Goldsboro High School baseball preview
By Rudy Coggins
Published in Sports on March 9, 2012 1:48 PM
Faded over time and tattered at the edges, framed images of black-and-white photographs silently stare at passers-by who walk through the hallway outside the Goldsboro High weight room.
Those heroes of past Cougar baseball teams are reminders of a tradition-rich program that has struggled to regain its swagger in the last two-plus decades.
First-year head coach Jackson Massey hopes to rekindle the community's spirit about the greatest show on dirt, restore pride and put a competitive team on the field that will earn respect each time it steps between the lines.
"(The players) hear and understand that Goldsboro was the 'big dog' of Wayne County baseball back in the day," said Massey. "I tell them that every time you put on that shirt that says 'Goldsboro,' don't think about the past four of five years when you've struggled, but think about the guys who played on this field who reached the big leagues.
"We're letting them know that we're really trying to turn this thing around to where it should be."
Goldsboro fashioned a 2-17 worksheet last season and finished winless in Carolina 1-A Conference play. Juwan Hall, the team's lone senior, returns along with position players Ronald Woody and Asunji Maddox.
Woody and Maddox filled the Nos. 1 and 2 spots in the lineup, respectively, last season.
"Those three guys have leadership and experience as far as playing time," said Massey. "We've got another junior (Jamal Moses) on the mound. There are juniors who played last year, but we're really loaded with freshmen and sophomores. We have three or four guys who haven't played baseball since Little League.
"I look at having one senior as kind of positive because everything we're teaching, this time next year they'll understand what we mean when we ask them to run a drill."
Massey and assistant coaches Airlon Vinson and Tyler Ham have seen signs of the team buying into their concept and philosophy. The team has shown a good work ethic, especially Miguel Lugo, who received the team's inaugural preseason player-of-the-year award before a recent practice.
Goldsboro's biggest nemesis has been inconsistent pitching and defense since it resurrected the program earlier this decade.

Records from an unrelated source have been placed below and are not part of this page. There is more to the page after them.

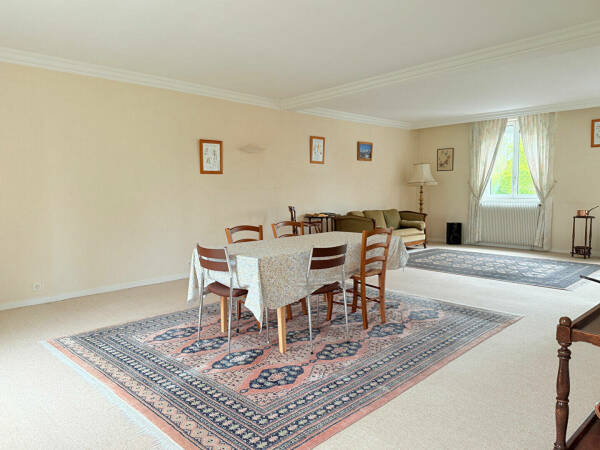 Maison + local commercial + studio sur 300m2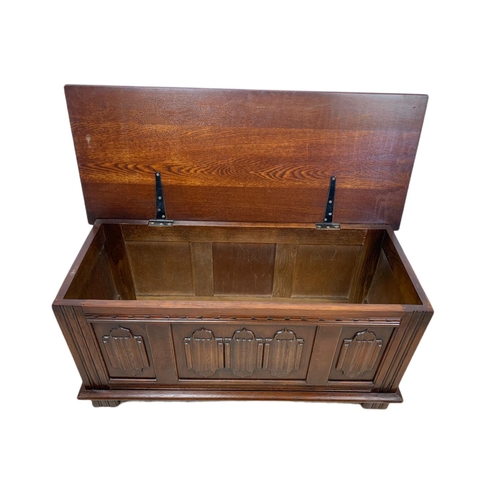 1210 - Vintage oak blanket storage box. 93 x 37 x 47cm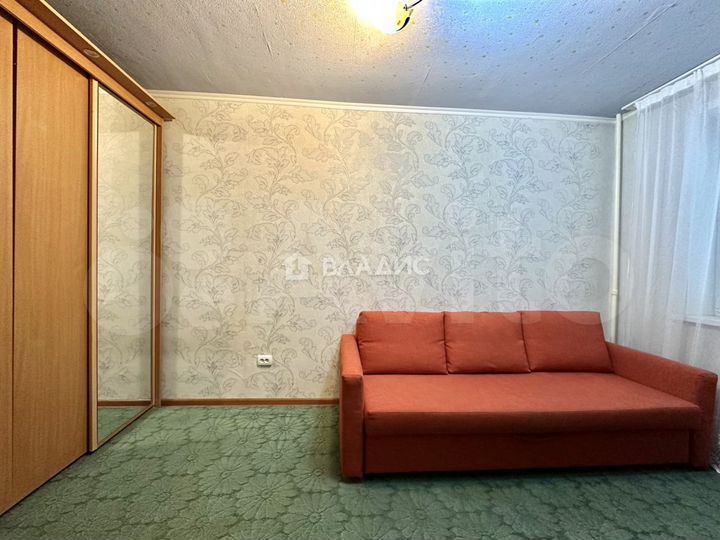 3-к. квартира, 77 м², 1/17 эт.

Opposing teams feasted on errors and walks last season, and Massey has stressed the importance of reducing those mistakes to a minimum.
The Cougars must control the little things -- in practice and in games.
"As long as we don't make the mistakes that add on to more mistakes, I think we'll be OK once we realize that pitching and defense wins ballgames and offense sells tickets," grinned Massey. "My main goal is to get the guys to compete every day they come out here. We want to let other teams know that we're not a pushover and we're going to give you our best every single game.
"That will help make everyone outside of this program realize it's a different ballclub than what they've seen the past four or five years."